● Assignment
Only the lines from the one that contains "Parker Jewelers" through the end of the entries, both included, should be transcribed, exactly and without pictures.

[Start of Attachment]

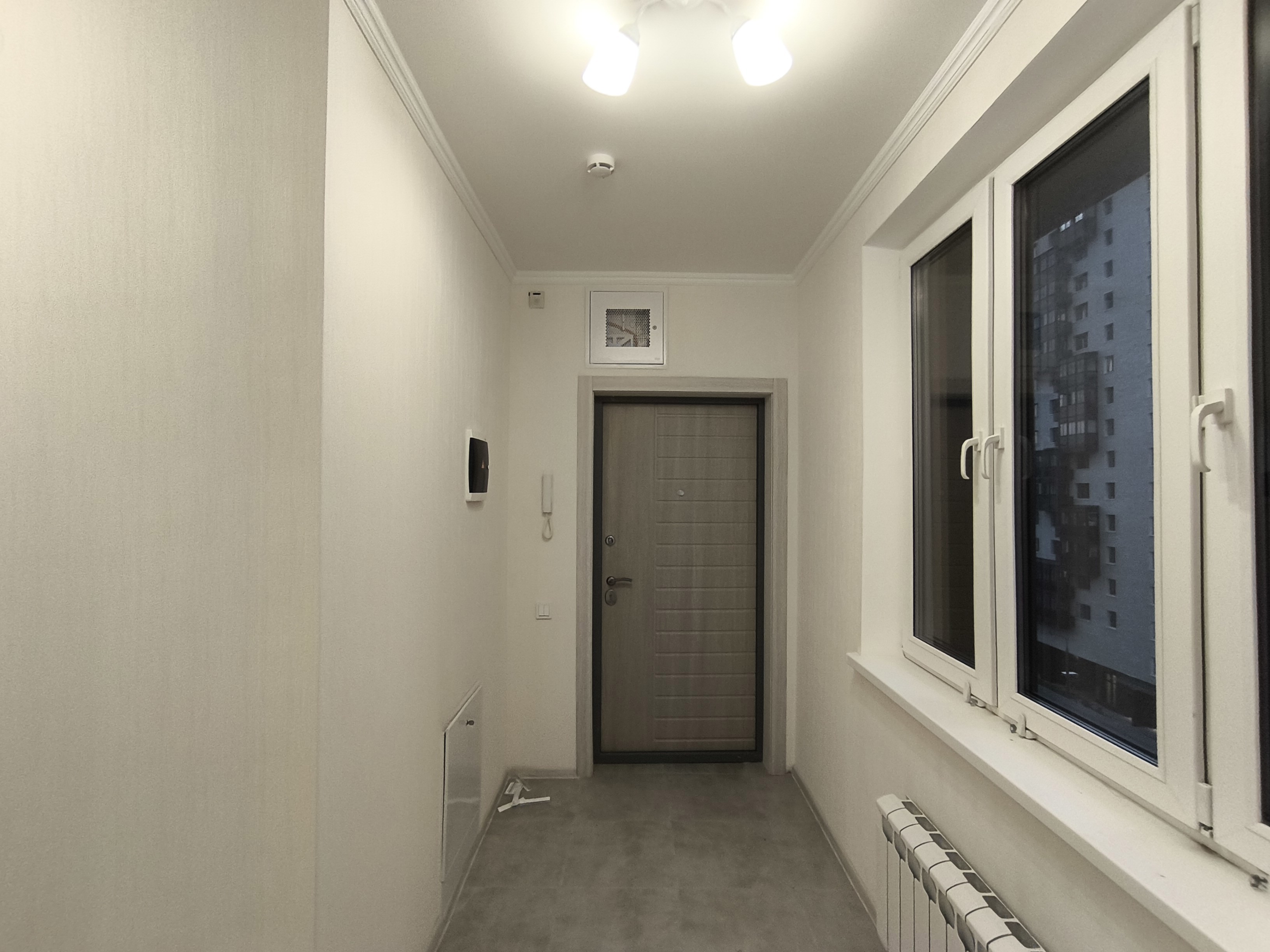 ГП16968648.Квартира.Каждое помещение_комната, входящее в состав реализуемого объекта _2.jpg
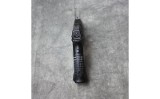 Springfield Armory ~ XDM Elite ~ 9mm - 3 of 4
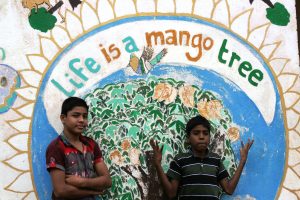 Guardare al futuro_studiodentisticodbcalef.com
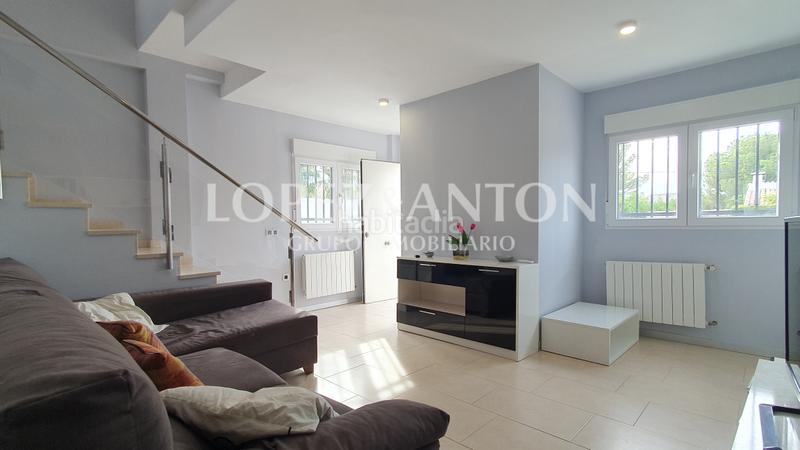 Foto e546d2cf-3652-49f1-9861-d84645eb2adf. Chalet con riscaldamento parcheggio piscina in El Carme-Sant Agustí-Bonavista Eliana (l´)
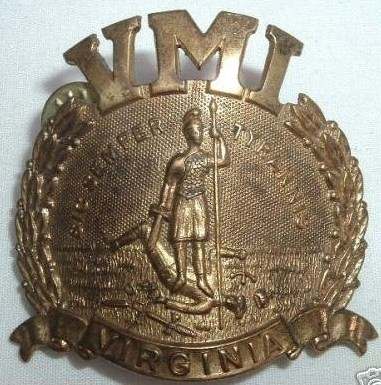 vmi hat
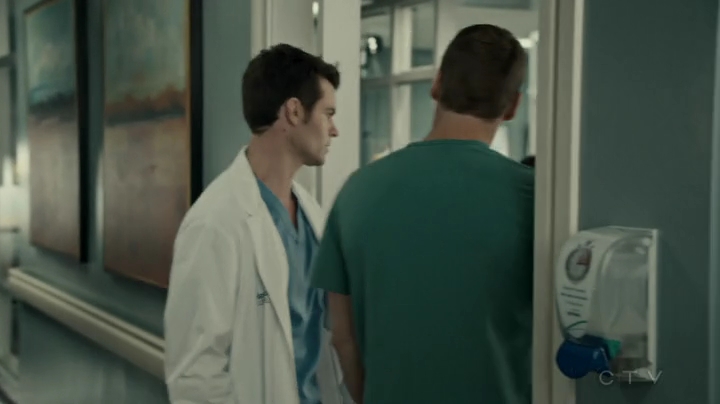 VampireDiariesWorld-dot-org_SavingHope2x17-0487.jpg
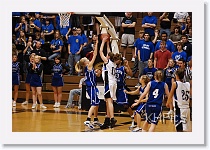 0305-210627-DSC_8912_N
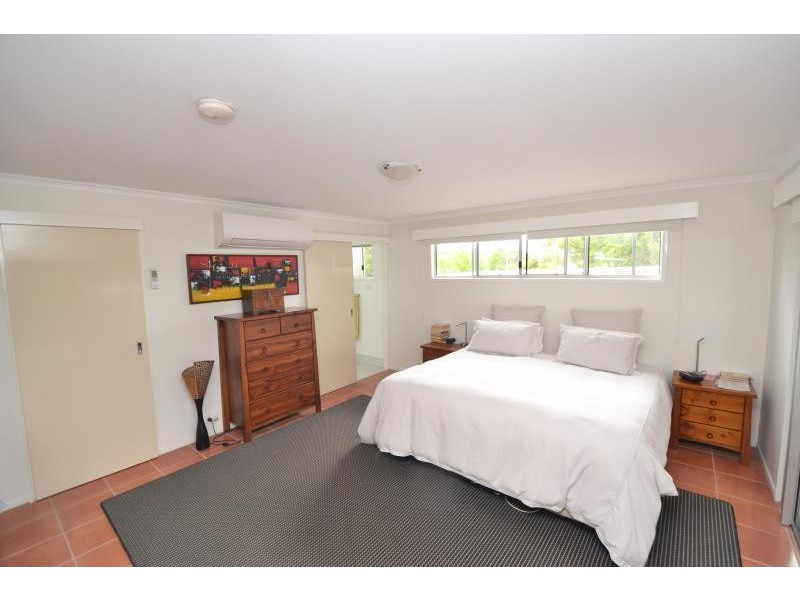 2 Ulogie Court, Biloela QLD 4715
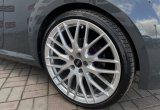 купить б/у автомобиль Audi TT 2015 года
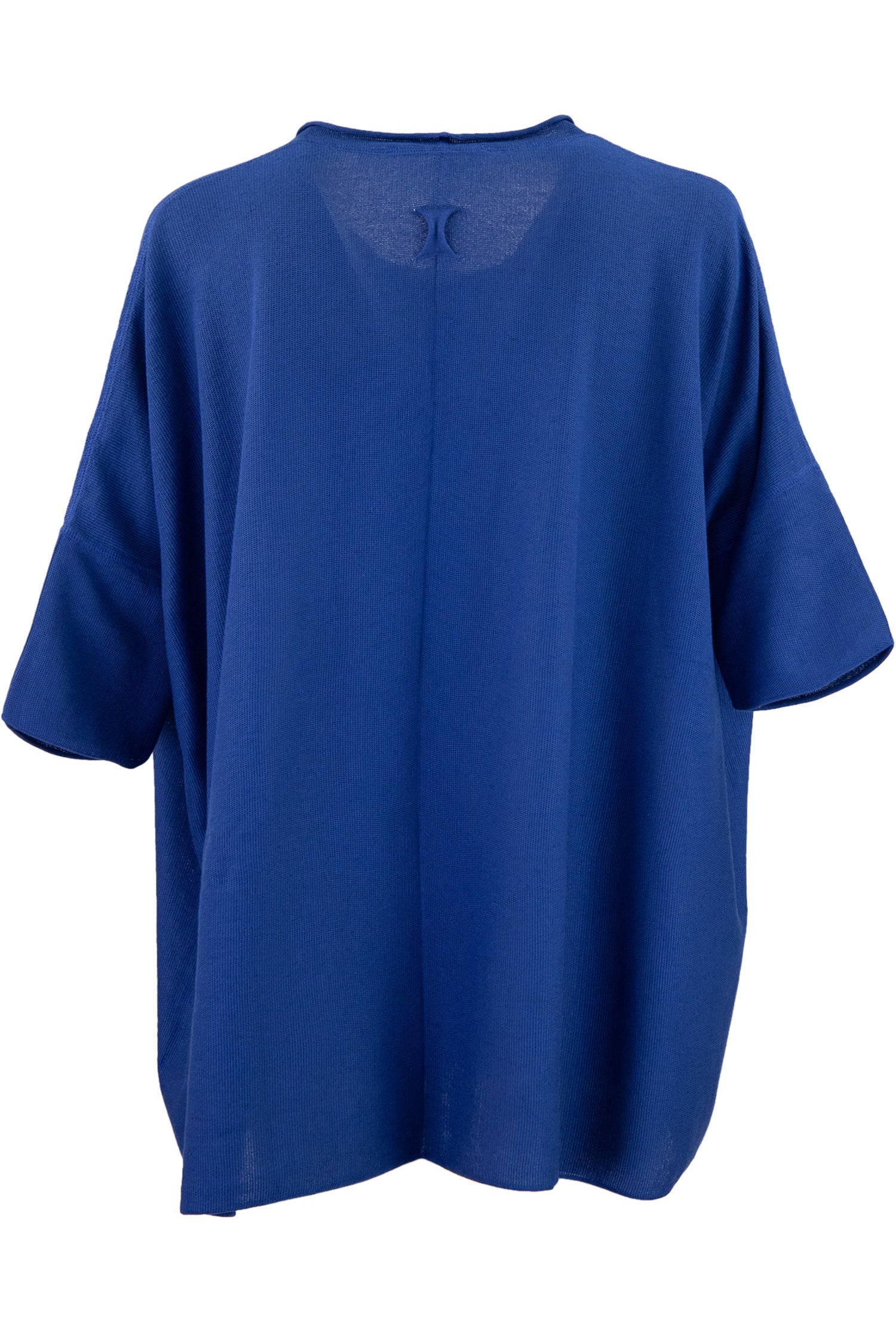 snea10k.101-Strick & Pullover-Hannes Roether-OUTLET-ARCHIVIST-ARCHIVE-SALE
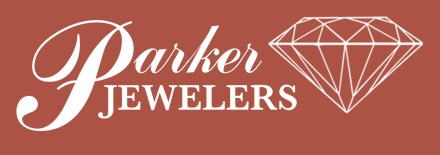 Parker Jewelers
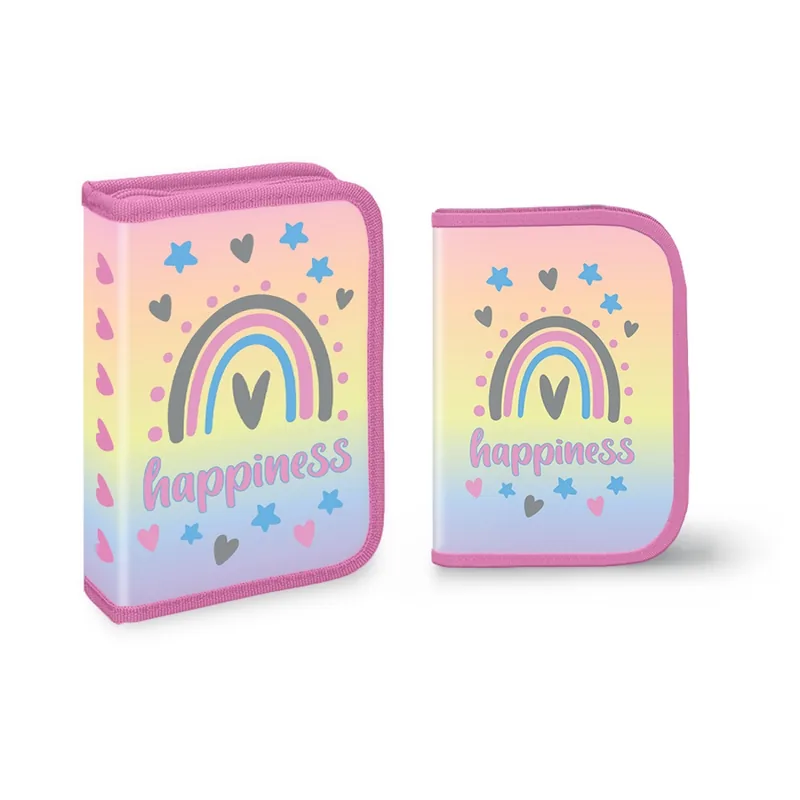 Penar S-cool Happiness
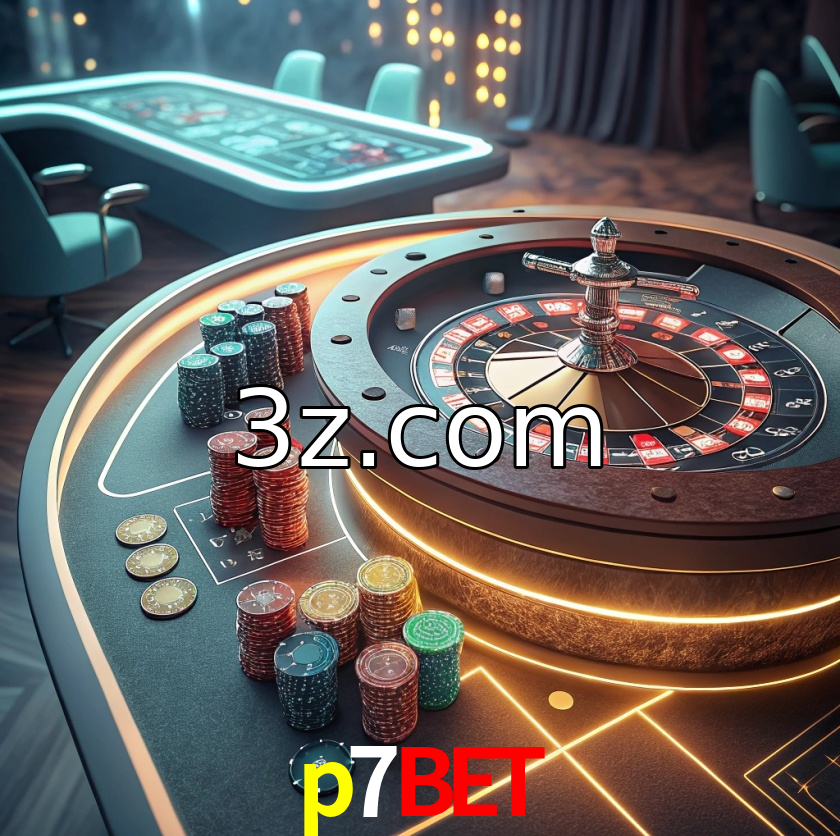 p7bet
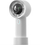 Ventilator portativ OEM HX-130, USB-C, i bardhë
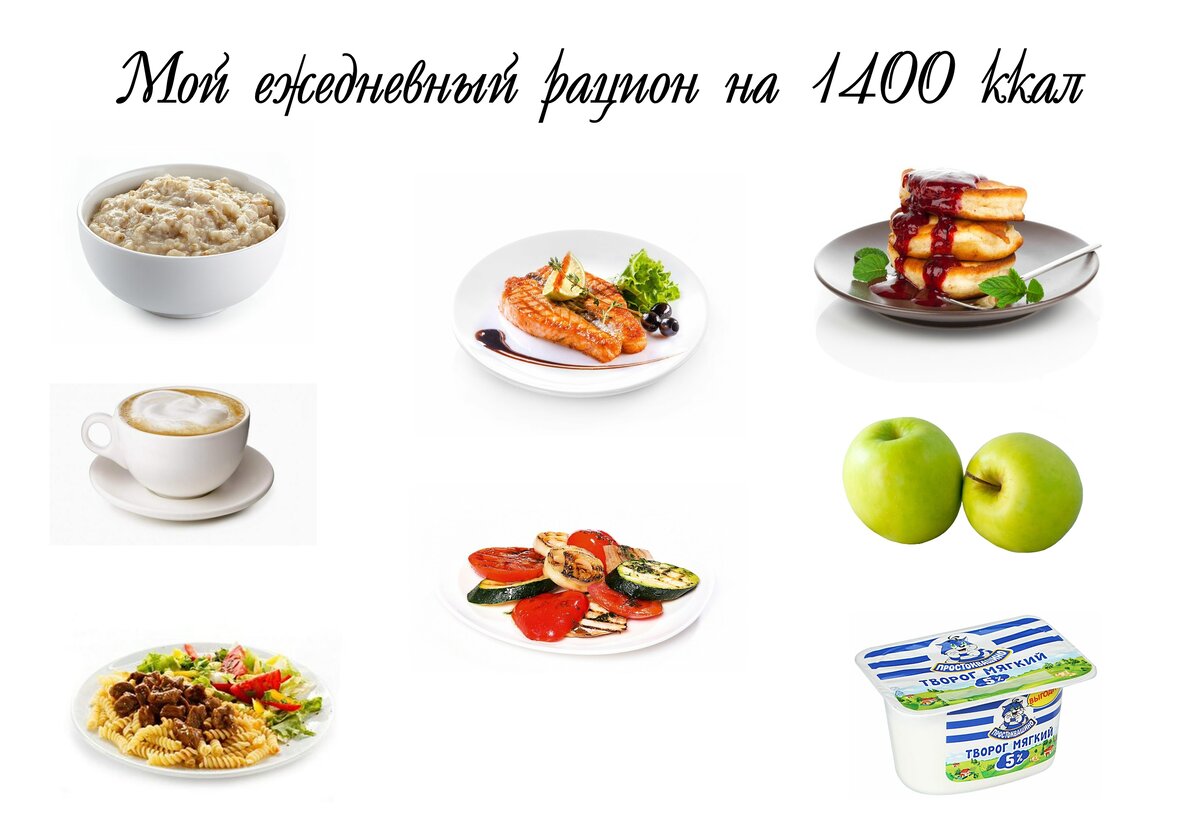 Dieta 1400 calorías hospital gregorio marañón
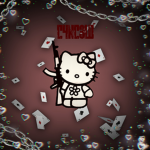 C4NC3LD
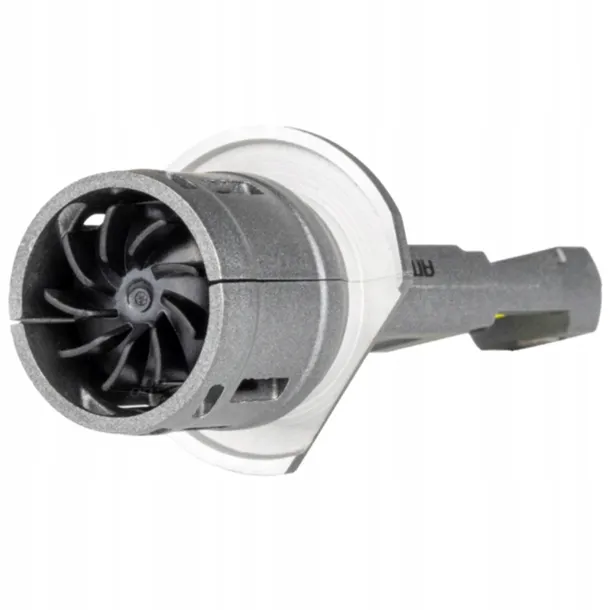 zarowki-amio-led-h1-seria-x5-moc-42-w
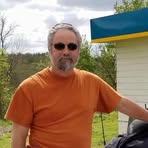 Ronny Conn - Facebook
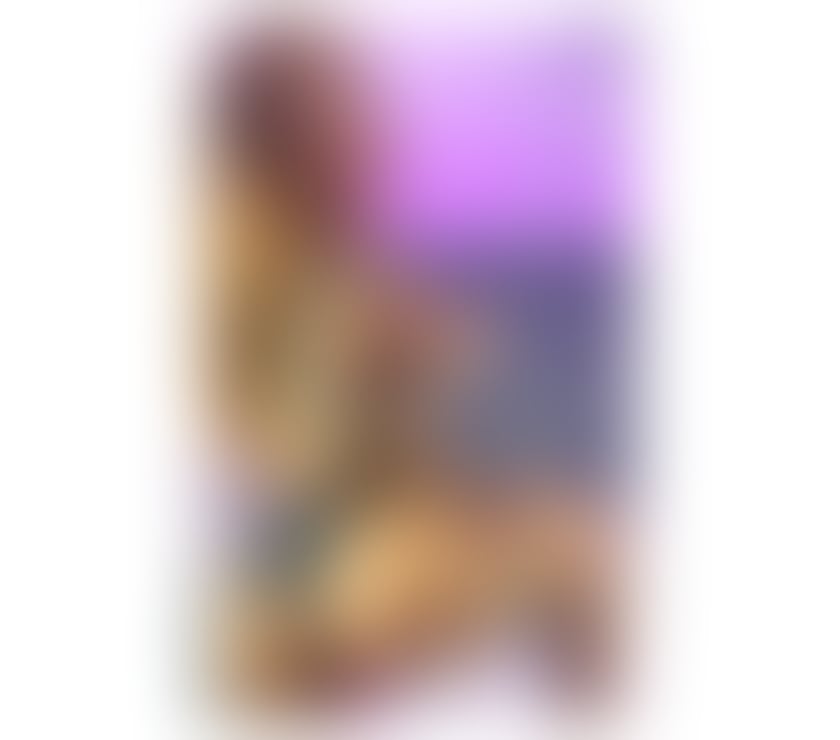 Escorts Greater Manchester Trafford - Photos for YOUR PLAYFUL BLONDE-GENUINE100%🌹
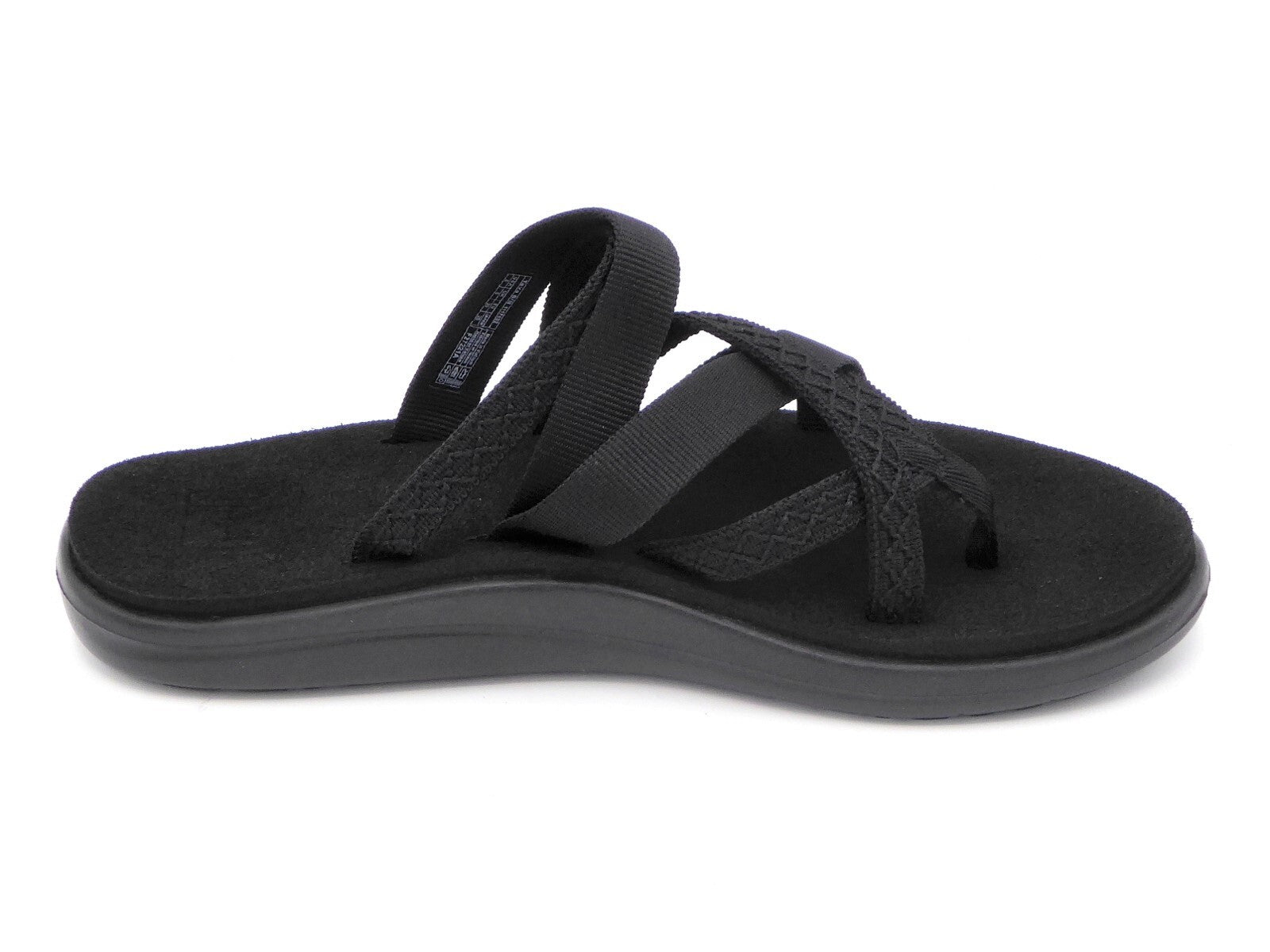 Teva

[End of Attachment]

● Solution to the problem
 Parker Jewelers
 Penar S-cool Happiness
 p7bet
 Ventilator portativ OEM HX-130, USB-C, i bardhë
 Dieta 1400 calorías hospital gregorio marañón
 C4NC3LD
 zarowki-amio-led-h1-seria-x5-moc-42-w
 Ronny Conn - Facebook
 Escorts Greater Manchester Trafford - Photos for YOUR PLAYFUL BLONDE-GENUINE100%🌹
 Teva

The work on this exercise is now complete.